I write combat RP a lot, especially when I have players (check out my interest check for a "new" jp plot with combat! I have to plug it somehow!) and have relied on DRv3 when my POV and the player's POV were not the same about shots taken or received. It is imperative that people that write combat get to keep DRv3. Fred made it and writes combat a bit like me, or at least I tried to learn from how he writes it. But if you're not writing combat that needs DR, don't worry. It ain't broke to those that do, I promise!!

The only change I think DR needs after using it a lot is adding "distance". Shooting someone with tier 3 point blank will be different than from 20 feet away and I don't think DRv3 accounts for that?
 
Honestly, DRv3 was my try to make a big move away from hit points, while having some sense of what a weapon still does. It saw development pains, controversy, adaptation, and then various degrees of acceptance or adoption. I'd say that the feedback I got is generally consistent between "not needed", "much better than DRv2", "necessary evil" and "really great"... so, this thread seems like the typical spectrum of reactions.

So, all I can really share about it is the context of my worldview on it.

If I say "Anti-Materiel Rifle", most people are going to think about a big rifle that's a threat to a tank. That's the evocative vernacular I was aiming for.

So, in the near-end of the classic Robocop movie, when Murphy rolls his car next to the OCP building and gets the big anti-materiel rifle out to destroy the ED-209 in a single hit, it's supposed to be the natural conclusion that "Oh, this is a Light Anti-Mecha weapon. It killed a mecha in a single hit."

I relate with Andrew in thinking its unnecessary, because a large part of DRv3 is meant to be self-evident. But this is a sci-fi setting where people design stuff, and I think it's helpful to be able to place a gun, call it a "Medium Anti-Personnel weapon" and have a general idea of how well it'll do against most people, and how well it'll do against power armor.

If we put Robocop in as a 'light power armor', having an entire police force mow down at him with their larger caliber guns is something Robocop can endure much better and much longer than anyone else could, but DRv3 informs that you can expect a Medium Anti-Personnel weapon to wear down a defense equal to 'Light Power Armor' eventually.

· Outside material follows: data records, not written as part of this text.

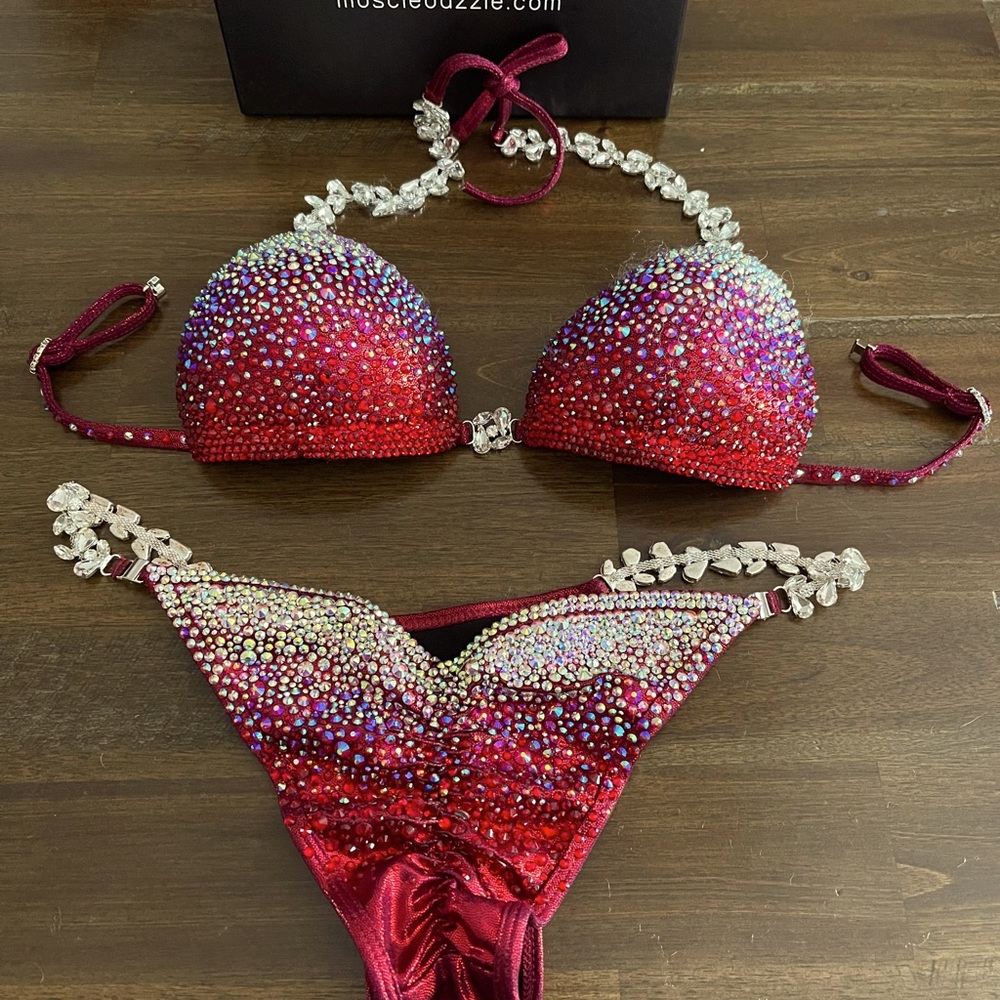 Competition bikini. Suit in pic is same just red
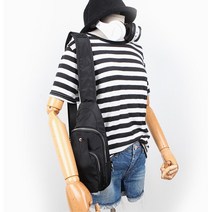 여름철 외출 해변가 경량 공용 슬링백 두꺼운크로스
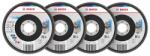 Bosch Set discuri lamelare slefuire multi-material Bosch X451, incliant, 125x22.23mm, G40/60/80/120, 15 bucati (2608626162)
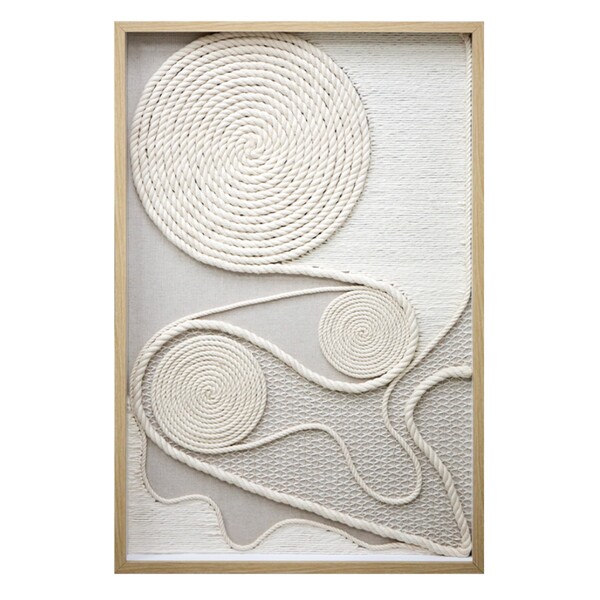 Quadro Decorativo Tela Linhas II Multicolorido sem Vidro 90x60cm Arte Própria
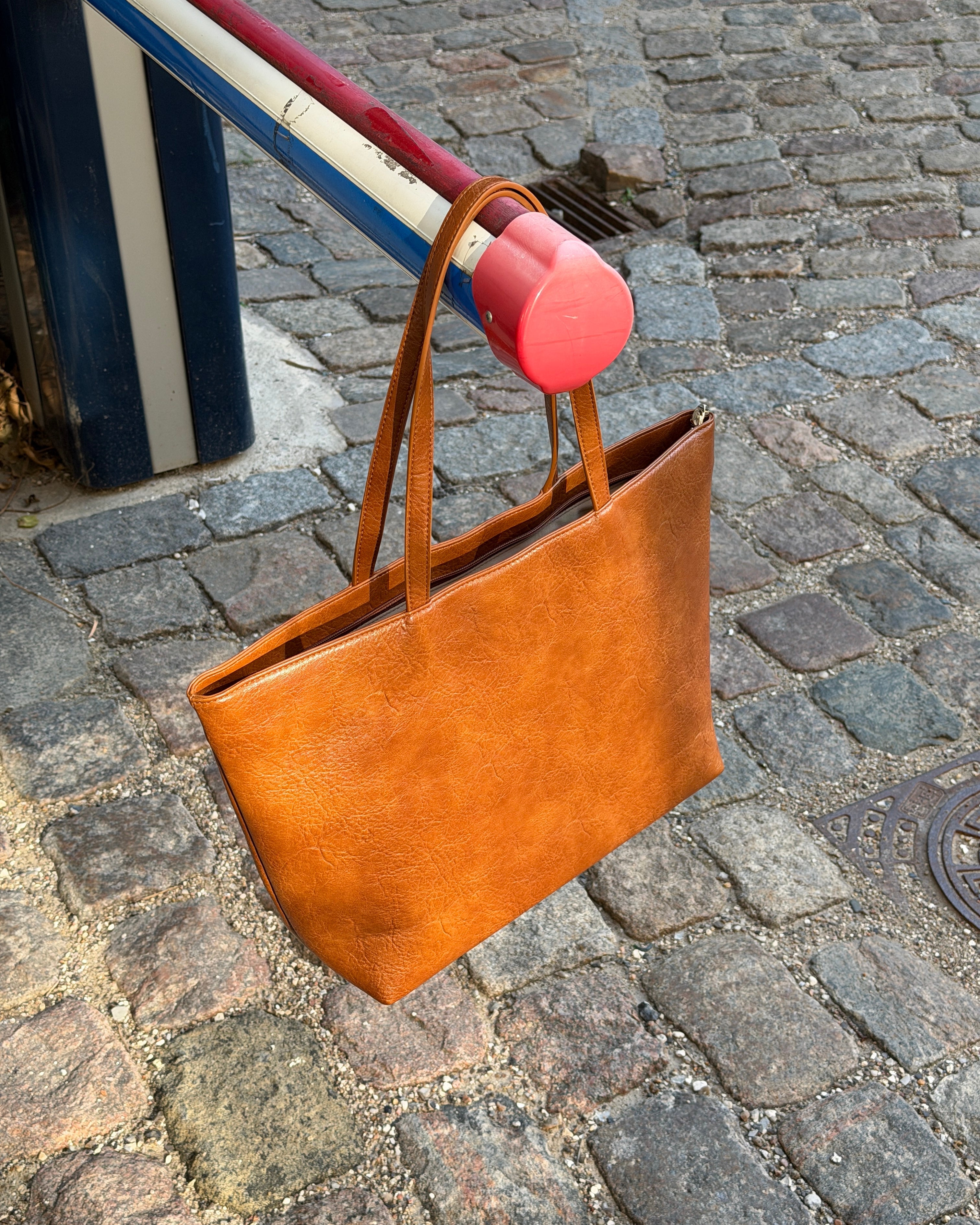 AMY BAG - COGNAC - Dinvintageshop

Is something in the light mecha category because of its size, armor plating, thickness of it - I didn't delve into that in DRv3, because it's not its job. DRv3 is not there to tell you how to design stuff. The actual nitty-gritty of the weapon or armor is up to the submission to sell (i.e.: even sheet-thin zesuaium armor will make small-arm fire behave much differently against a light power armor using that for protection; or effective range of the weapon like Ametheliana alluded to).

So, really, they're more ballparks of expectations... which can be useful because we're a lot of different people, with different mindsets and expectations... and it can be nice to have a baseline. Thankfully, it seems to have lived up to its context as 'in-character common sense' more than the ill-fitting straightjacket previous versions were used for.
 
This suggestion doesn't seem to be what the community wants based on the votes so I will close it. Thanks everyone for your feedback and thoughts.